Cutechess-cli questions

Rebel · Post by **Rebel** » Fri May 11, 2012 1:08 pm

Found cutechess-cli yesterday, got it to work and like it. The readme file states version 6. Three issues:

-resign <n> <score>&#58;&#58;
	Adjudicate the game as a loss if an engine's score is at least
	<score> centipawns below zero for at least <n> consecutive moves.

Say I use -resign 3 -800 then the interface will terminate a game when the score is below 8 pawns for 3 moves?

Code: Select all

-draw <n> <score>&#58;&#58;
	Adjudicate the game as a draw if the score of both engines is
	within <score> centipawns from zero after <n> full moves have been played.

Any experiences with this option?

Third and last question, can't find an option to terminate a game as a draw after xxx moves. I assume you are supposed to solve that with the above -draw option?

lucasart · Post by **lucasart** » Fri May 11, 2012 1:41 pm

Rebel wrote:Found cutechess-cli yesterday, got it to work and like it.

Me too. I'm a *huge fan* of cutechess-cli

Rebel wrote: Say I use -resign 3 -800 then the interface will terminate a game when the score is below 8 pawns for 3 moves?

Yes, without the "-" which is a mistype I guess? Use "-resign 3 800". It should be 3 real moves (not half moves) and during these 6 half moves, both engines should have a score > 800 or < -800 if it's been coded correctly (which I'm sure it is although haven't verified).

Rebel wrote:

Code: Select all

-draw <n> <score>&#58;&#58;
	Adjudicate the game as a draw if the score of both engines is
	within <score> centipawns from zero after <n> full moves have been played.

Any experiences with this option?

I never use this. The very idea of stopping a game after X moves regardless of any score consideration seems totally crazy. At least there should be a pre-conditions that checks that both engines have more or less stalled scores for a long period before or sth like that.

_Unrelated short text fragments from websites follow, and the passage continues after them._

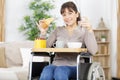 happy disable woman having breakfast at home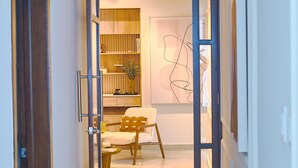 A hallway with a wooden door, a white chair, a small table, and a wall with abstract art. - The LUX Natural Art Downtownsd Pool Gym 2BR (Santo Domingo)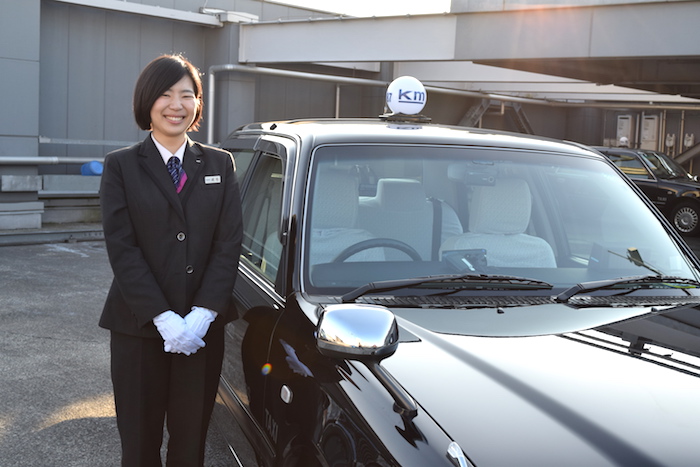 タクシーの横に笑顔で立っている、国際自動車（kmタクシー）の女性タクシードライバーで、新卒女性班長の成毛さんの写真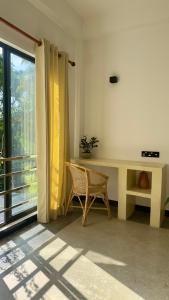 a living room with a desk and a window at Calma Cafe - Surf, Stay and Yoga in Dickwella +47 photos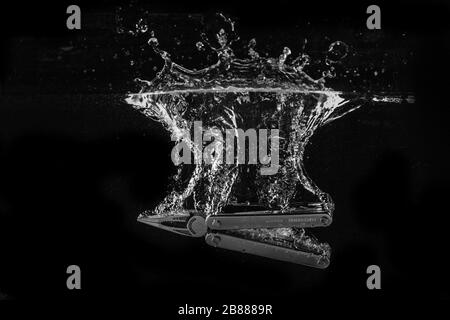 Leatherman Multitool Dropped in Water Stock Photo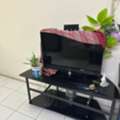 BHD 60,  TV With Tv Table And Cupboard And Another Table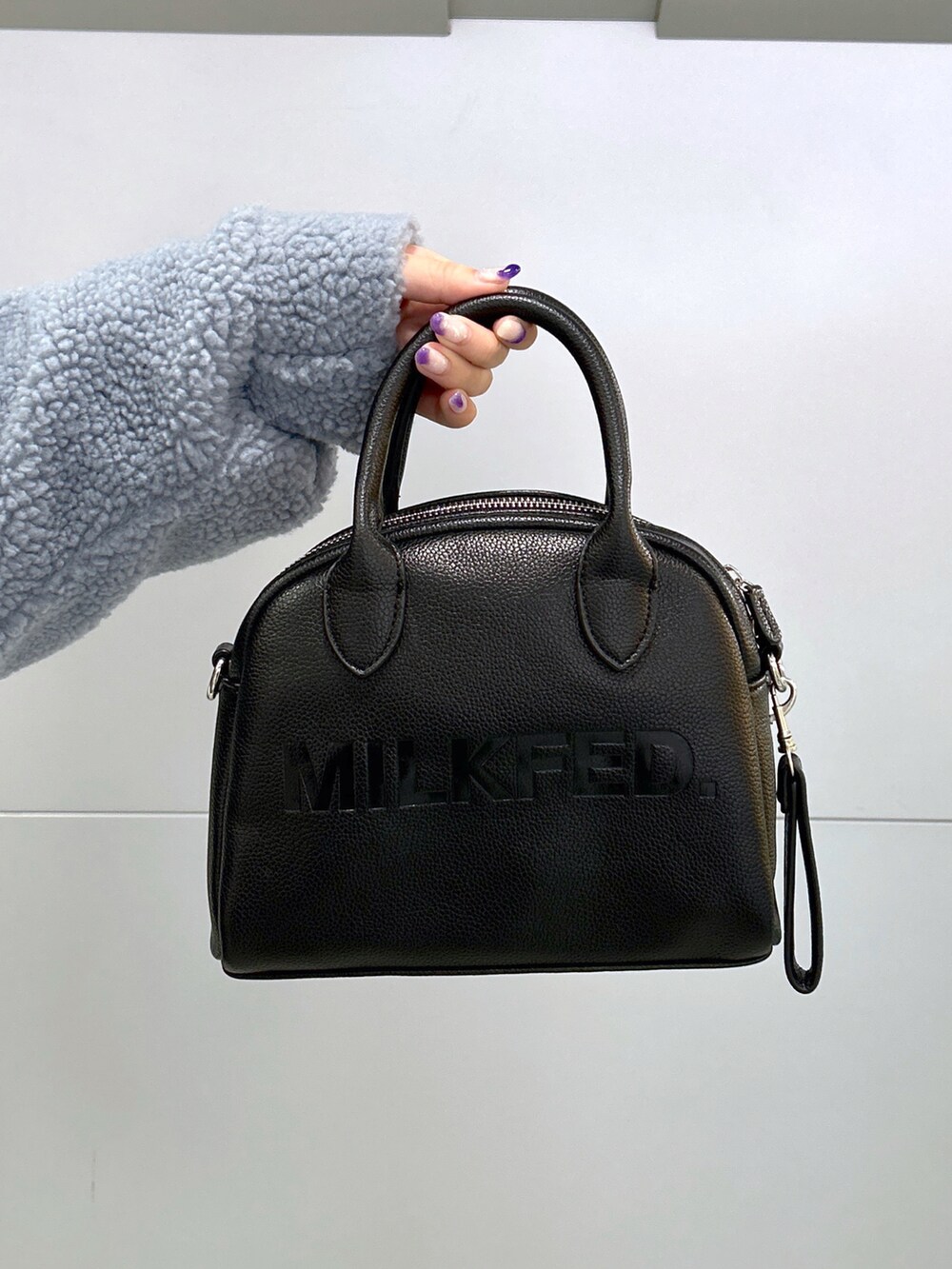 ブラック系のボストンバッグ、グリーン系のスカート、ベージュ系のスニーカーを着用したレディースの秋コーディネートの5枚目の写真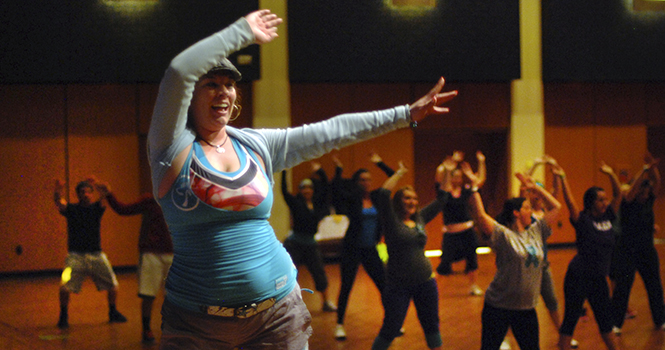 Sue Salem, a zumba instructor from Green, Ohio, leads the first Zumbathon at Kent State University on Friday, February 22, 2013. The event raised money to benefit MDA's Augie's Quest to Cure ALS, also known as Lou Gehrig's disease. Photo by MELANIE NESTERUK.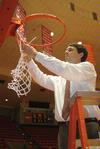Mark Campbell, head coach, cuts a piece of the net after the Lady Bulldogs defeated Azusa Pacific University to become NAIA Division I National Champions. - Photo by Morris Abernathy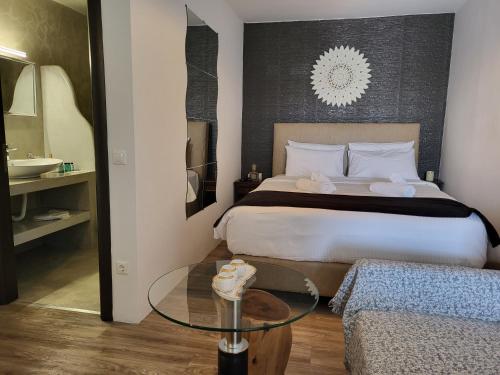 a hotel room with a bed and a glass table at Mykonos Double Luxury Mini Suites-With External Hot spa Adults only in Ano Mera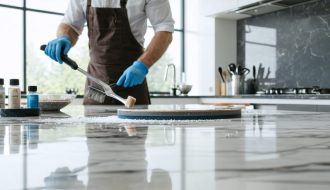 A professional polisher working on a quartz kitchen countertop, demonstrating the transformation from a dull to a mirror-like finish under natural lighting.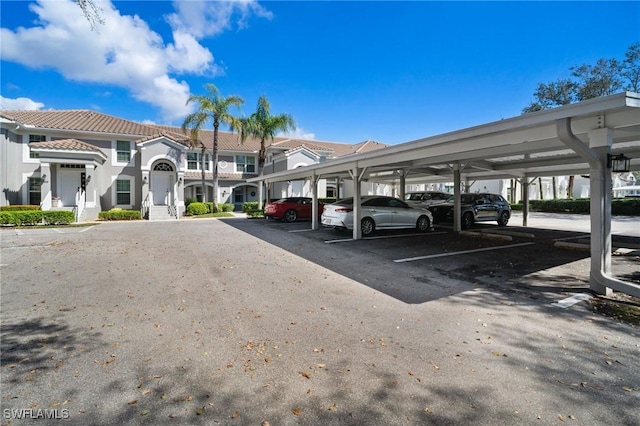 covered parking lot with a residential view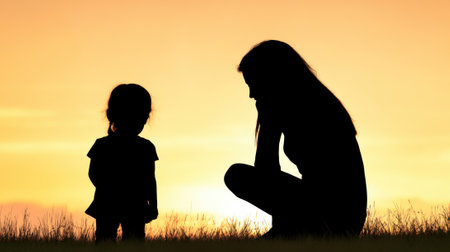 Silhouette of a woman and child at sunset, sharing a tender moment outdoors, AIの素材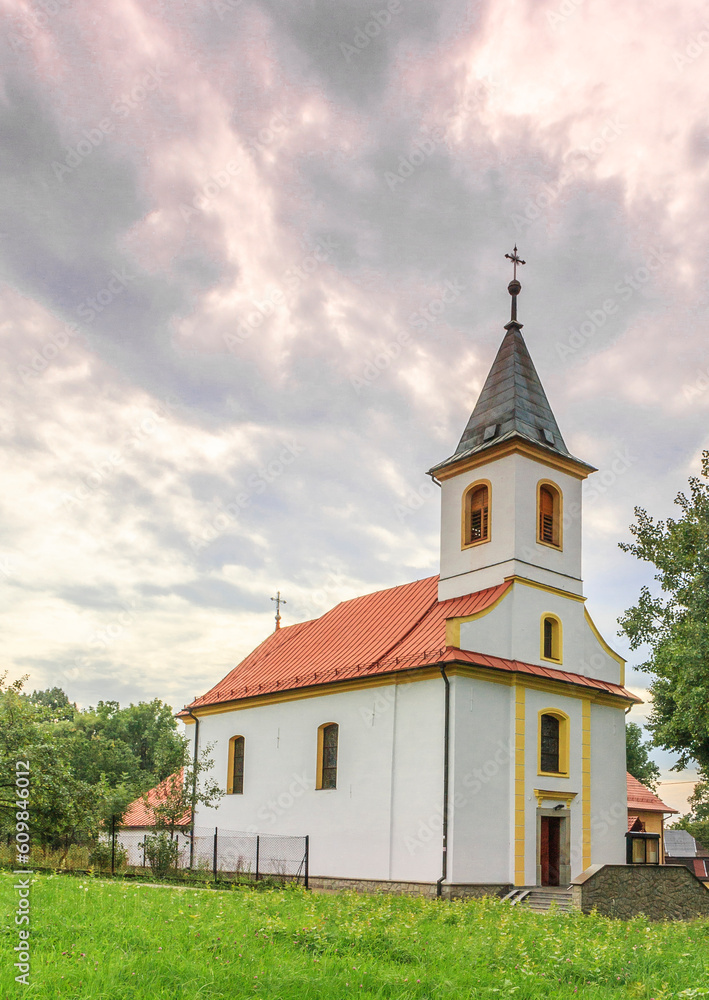 The catholic church of the Exaltation of the Holy Cross in Ustroń in the Silesian Beskids (Poland) on a cloudy summer afternoon.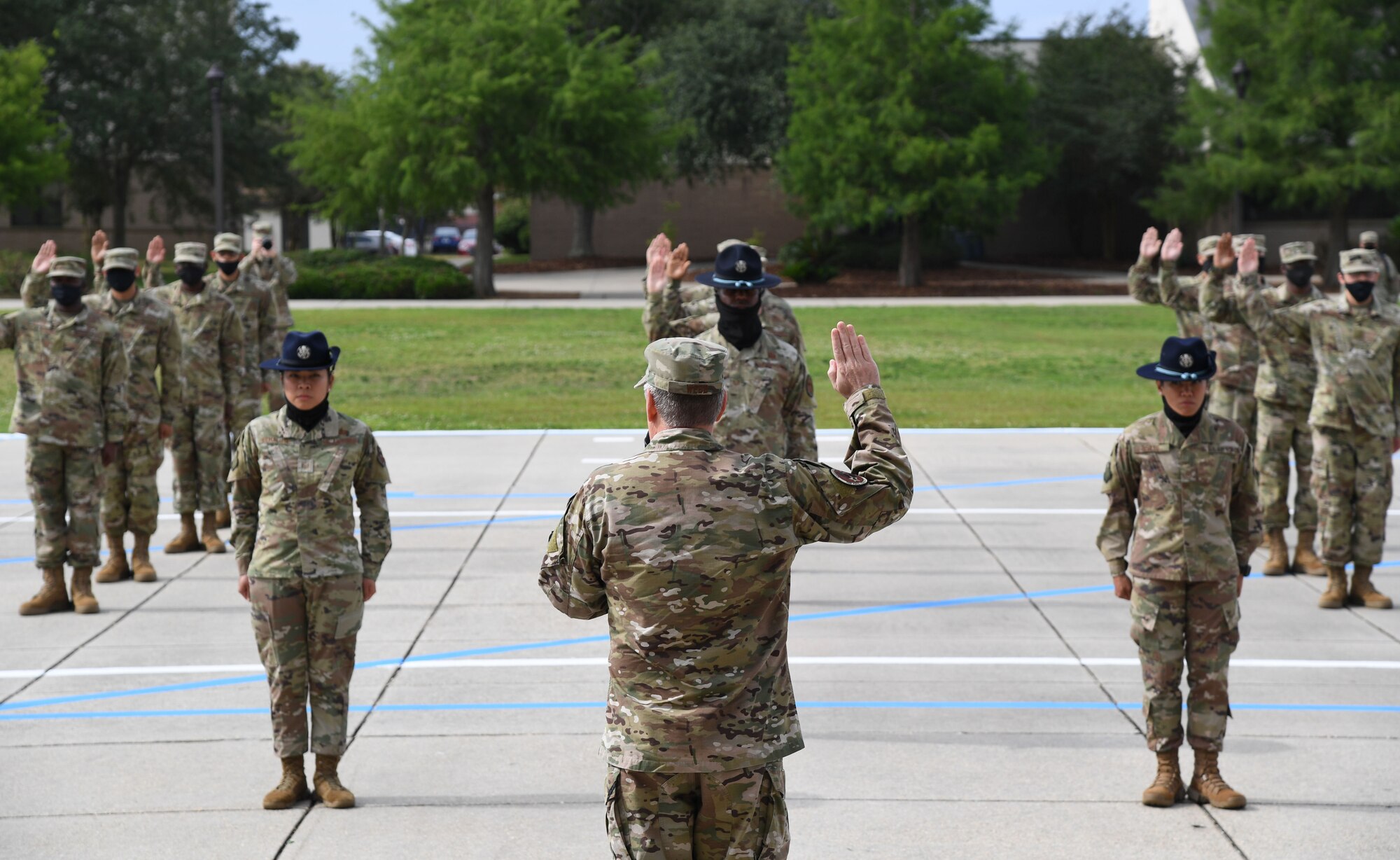 U.S. Air Force Lt. Gen. Brad Webb, commander of Air Education and Training Command, delivers the Oath of Enlistment during the basic military training graduation ceremony at Keesler Air Force Base, Mississippi, May 15, 2020. Nearly 60 Airmen from the 37th Training Wing Detachment 5 completed the six-week basic military training course. Due to safety concerns stemming from COVID-19, the Air Force sent new recruits to Keesler to demonstrate a proof of concept to generate the force at multiple locations during contingencies. The flight was the first to graduate BMT at Keesler since 1968. (U.S. Air Force photo by Kemberly Groue)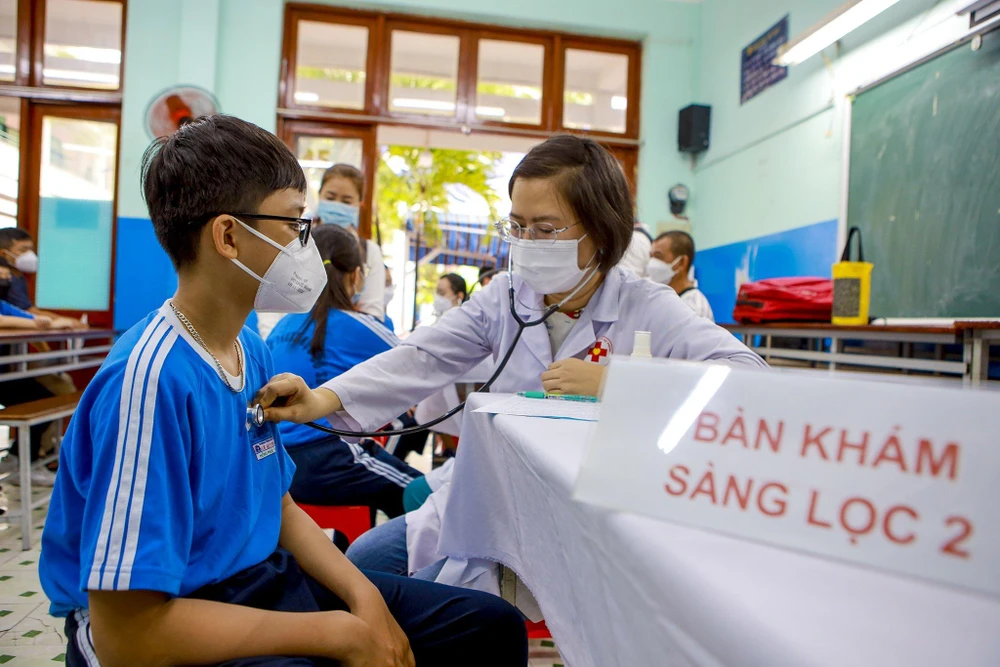 Học sinh lớp 6 trường THCS Lê Quý Đôn được cho khám sàng lọc trước khi tiêm chủng COVID-19. Ảnh: NGUYỆT NHI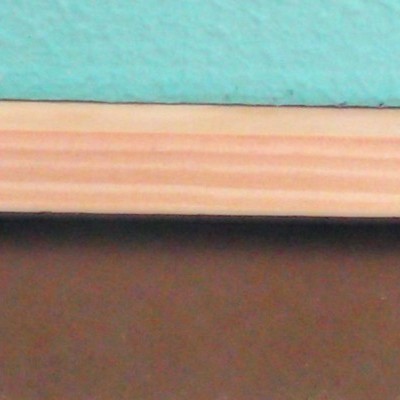 Régua de madeira clara sobre superfície escura com parede azul ao fundo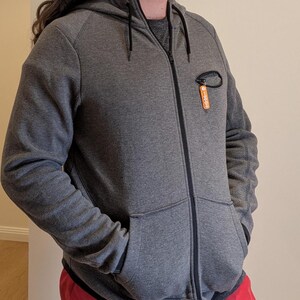 May include: A gray zip-up hoodie with a drawstring hood and two front pockets. The hoodie has a small orange tag attached to the chest. The sleeves have a textured pattern. The zipper is black.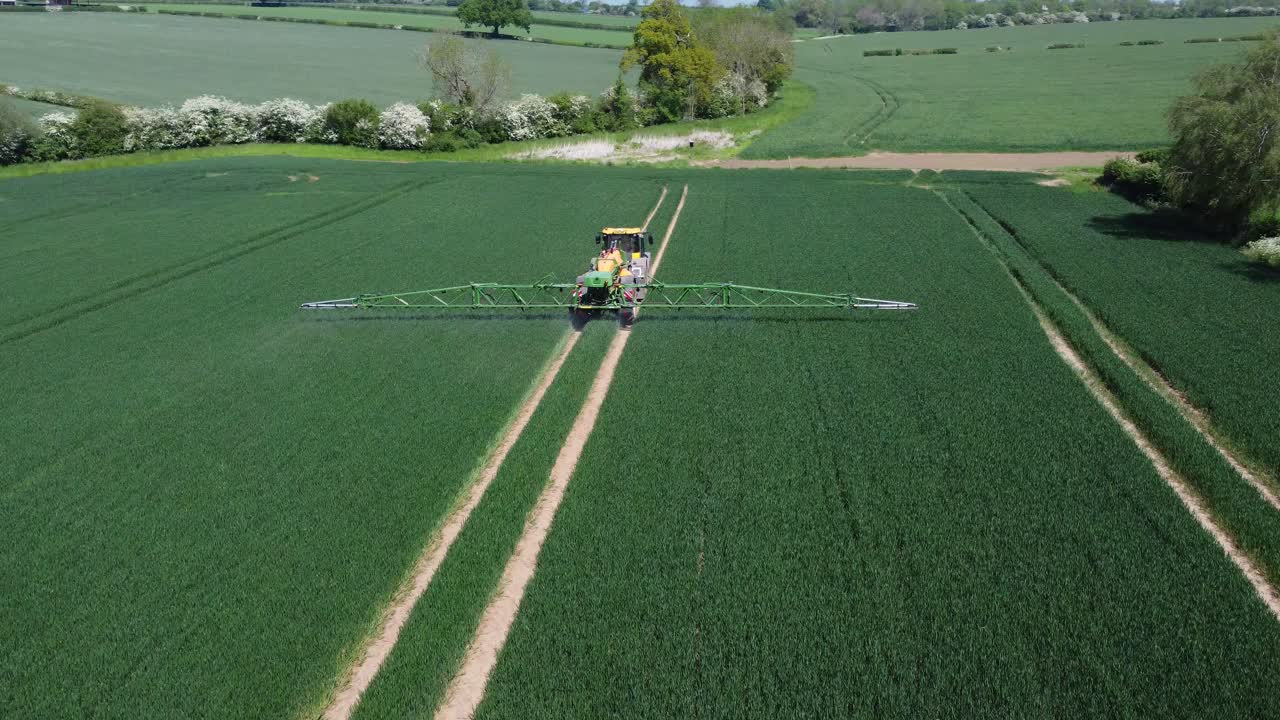 un tiro cercano de un tractor verde y amarillo rociando sus cultivos mientras trabajan sus campos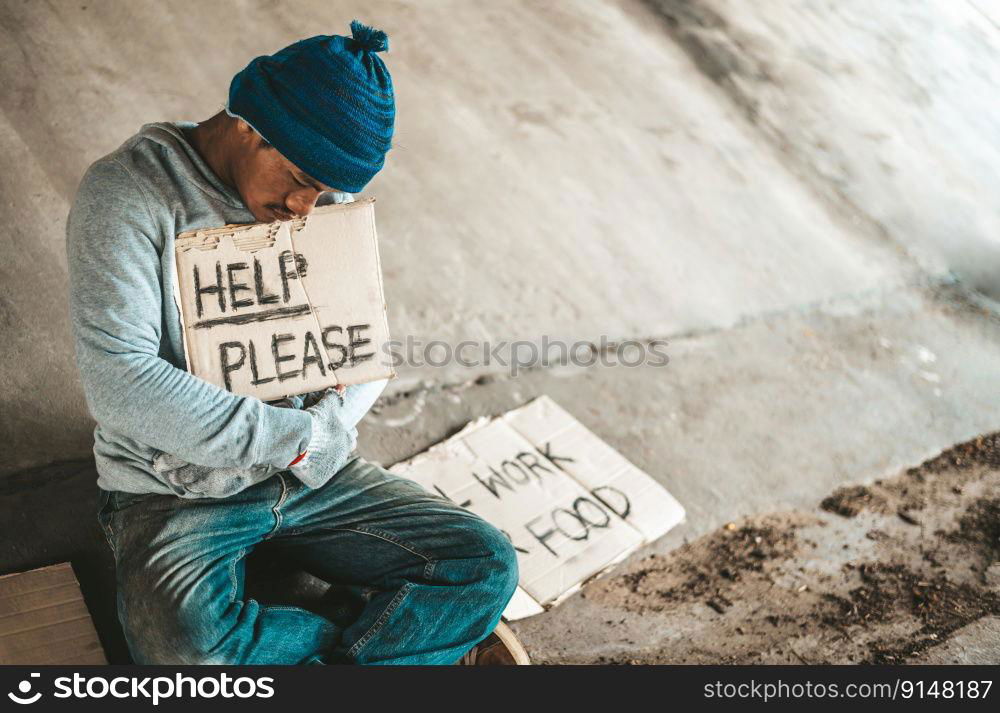 The Man Sitting Begging On An Overpass With Messages Homeless People ...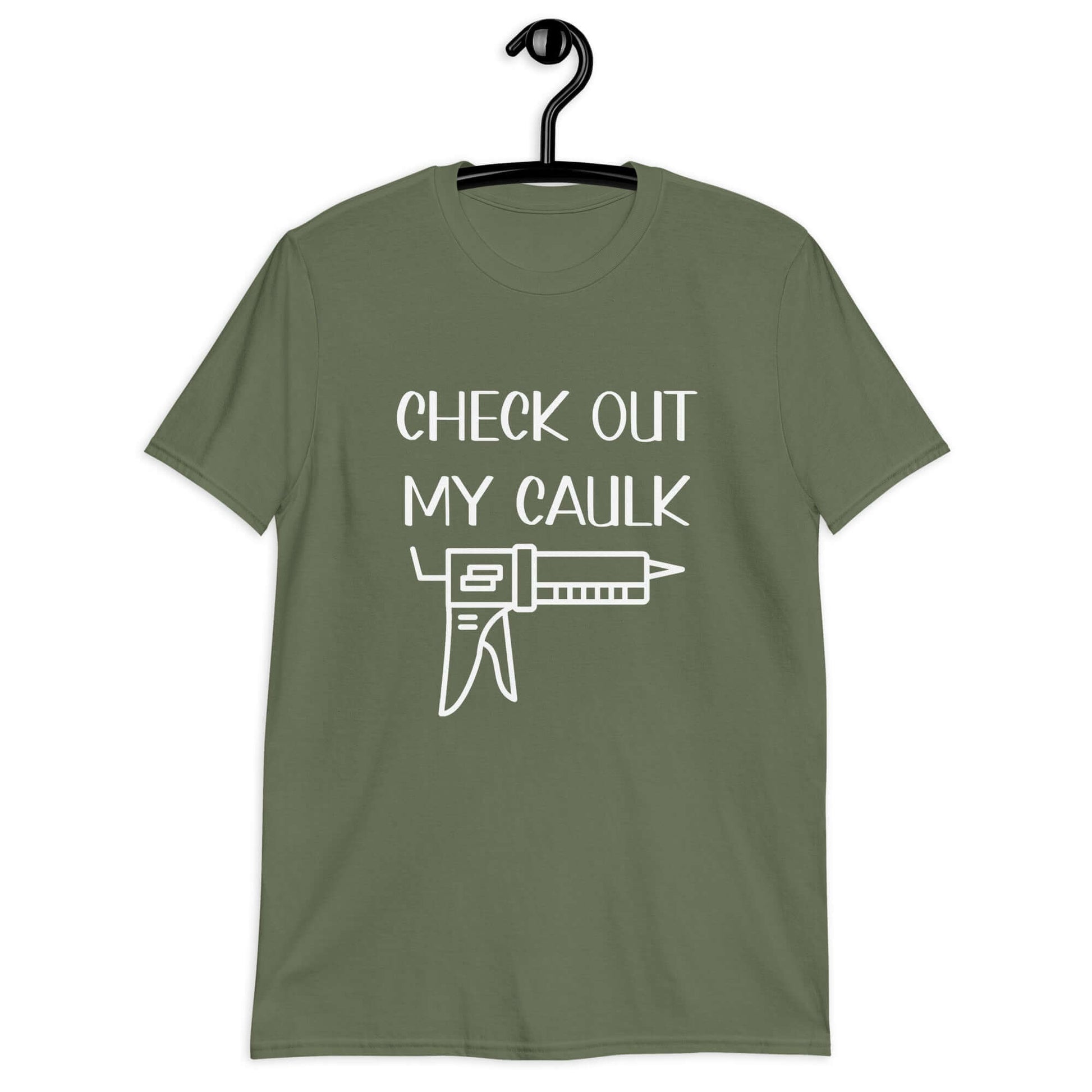 Military green t-shirt with the pun phrase Check out my caulk with a line drawing image of a caulking gun printed on the front.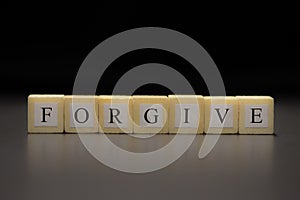 The word FORGIVE written on wooden cubes isolated on a black background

But generally I don't like using these options and don't use them anymore. The resign feature, even with a high threshold makes blunders in crazy rook themes for example. And in my experience this happens more often than people care to admit.

As for declaring the game a draw after X moves without any prior conditions, I think it's a pretty silly idea. But anyway, the feature does work. Maybe Ilari put some preconditions in his code and didn't document them or had it in his todo list somewhere.

Rebel wrote: Third and last question, can't find an option to terminate a game as a draw after xxx moves. I assume you are supposed to solve that with the above -draw option?

That's quite a strange feature. I don't see how it could make any sense. Do you want to terminate and not declare the game a draw simply remove it ? So as to create a selection biais in your sample. For example is A is better in endgames than B, you'll see that the average game lengh when A wins is higher than when B wins (B wins tactical shots, A if it resists outplays B in endgame let's say). Then removing all games lasting more than say 100 moves you remove more games where A would have won than B, no ?

Rebel · Post by **Rebel** » Fri May 11, 2012 3:36 pm

A couple of examples:

1. An endgame with unequal bishops and a handful of pawns for each side. It goes like this: for 50 moves move the king and bishop around then play a pawn move and the circus starts again.

2. Queen ending. Same pattern as (1).

Experience and thorough testing has learned me that after 160 moves it's pretty safe to declare the game as a draw in combination with a -resign 5 pawn threshold. If there are exceptions after all these are equally divided on both engines most of the time or are statistically insignificant on the total amount of the games you play.

I just did a comparison (reliability check) with Arena and the output is exactly (100%) the same. Arena with 160 moves=draw and resign=500 and cutechess-cli without those checks.

So I think I will use -draw 160 100 and -resign 5 500 for a good speed-up.

Thanks for answers.

ilari · Post by **ilari** » Fri May 11, 2012 5:19 pm

lucasart wrote:
Rebel wrote: Say I use -resign 3 -800 then the interface will terminate a game when the score is below 8 pawns for 3 moves?
Yes, without the "-" which is a mistype I guess? Use "-resign 3 800". It should be 3 real moves (not half moves) and during these 6 half moves, both engines should have a score > 800 or < -800 if it's been coded correctly (which I'm sure it is although haven't verified).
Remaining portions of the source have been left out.